Chromosomal localization of mutated genes in non-syndromic familial thyroid cancer

Abstract

Familial non-medullary thyroid carcinoma (FNMTC) is a type of thyroid cancer characterized by genetic susceptibility, representing approximately 5% of all non-medullary thyroid carcinomas. While some cases of FNMTC are associated with familial multi-organ tumor predisposition syndromes, the majority occur independently. The genetic mechanisms underlying non-syndromic FNMTC remain unclear.
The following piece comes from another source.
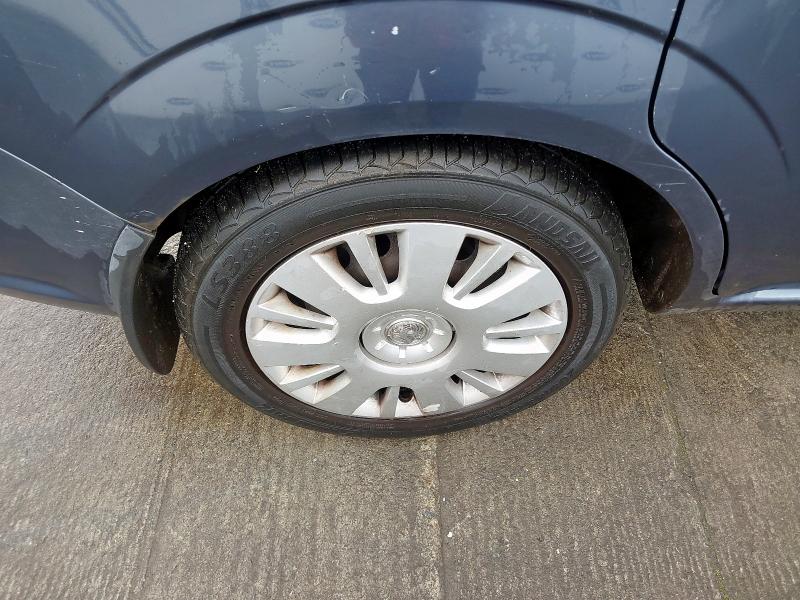 2009 VAUXHALL ZAFIRA 1.6I LIFE 5DR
Initial studies utilized SNP linkage analysis to identify susceptibility loci, including the 1q21 locus, 2q21 locus, and 4q32 locus, among others. Subsequent research employed more advanced techniques such as Genome-wide Association Study and Whole Exome Sequencing, leading to the discovery of genes such as IMMP2L, GALNTL4, WDR11-AS1, DUOX2, NOP53, MAP2K5, and others. But FNMTC exhibits strong genetic heterogeneity, with each family having its own pathogenic genes. This is the first article to provide a chromosomal landscape map of susceptibility genes associated with non-syndromic FNMTC and analyze their potential associations. It also presents a detailed summary of variant loci, characteristics, research methodologies, and validation results from different countries.